Among the two hundred who lived in the east side of the county was Marguerite Radclyffe Hall (1880–1943), a poet, songwriter and novelist.

A graduate of King’s College, London, her most famous work was The Well of Loneliness (1928), which gained fame when it was banned for obscenity because of its lesbian theme. It has never been out of print and the latest edition appeared in 2006. Miss Hall lived in luxury, firstly with society beauty Mabel Batten, twentyfour years her senior, who died in 1916; then with Miss Batten’s cousin, Una Troubridge for twenty-eight years, in various locations, including two in Rye: The Forecastle, Hucksteps Row, and Blackboys, High Street (which bears a plaque) in the 1930s. Miss Hall, with cropped hair, gentlemen’s tailored suits, spats and monocle, acted as Mrs Troubridge’s husband, calling herself ‘John’. The nature of their relationship became public knowledge during the trial of her novel. By all accounts she was a demanding, autocratic and ruthlessly unfaithful lover. A convert to Roman Catholicism, she died and was buried in London, where she is honoured with an English Heritage blue plaque.

                              Una Troubridge

Her lover Una Troubridge (1887–1963) was an artist and writer. A student of the Royal College of Art, she set up a sculpture studio, where she produced her most famous work ‘Nijinsky as The Fawn’. Obliged to marry for financial support, she chose Captain Ernest Troubridge, a widower twenty-five years her senior, by whom she had a daughter. In 1917 she left him for Marguerite Radclyffe Hall and gained a legal separation in 1919, some months before he received a knighthood. She lived with Miss Hall for twenty-eight years.
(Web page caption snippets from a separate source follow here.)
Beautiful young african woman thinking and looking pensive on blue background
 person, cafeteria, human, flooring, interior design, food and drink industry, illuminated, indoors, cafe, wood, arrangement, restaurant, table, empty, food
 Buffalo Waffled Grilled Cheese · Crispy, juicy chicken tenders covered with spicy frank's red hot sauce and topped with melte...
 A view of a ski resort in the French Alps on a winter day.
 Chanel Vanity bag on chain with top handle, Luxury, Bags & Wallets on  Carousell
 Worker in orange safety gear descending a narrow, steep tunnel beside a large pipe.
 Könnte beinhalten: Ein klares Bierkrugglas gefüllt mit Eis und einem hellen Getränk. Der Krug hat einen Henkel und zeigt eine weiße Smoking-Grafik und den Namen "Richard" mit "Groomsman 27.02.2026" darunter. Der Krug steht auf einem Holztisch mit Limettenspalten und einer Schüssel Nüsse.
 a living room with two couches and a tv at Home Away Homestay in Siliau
Between 1930 and 1961 she wrote several books, including This Man and This Woman; and The Life and Death of Radclyffe Hall, and translated books from French, including The Little World of Don Camillo, Under the Bolshevik Uniform and works by Colette. She was noted for wearing a monocle and immaculate male dress suits in the 1920s dressing as an elegant lady in the 1930s and for wearing her late girlfriend’s exquisitely-tailored suits (altered to fit) in the 1940s.

In later life she bred pedigree dogs and was a member of the Ladies’ Kennel Club. A convert to Roman Catholicism, after Miss Hall’s death she moved to Florence and died in Rome.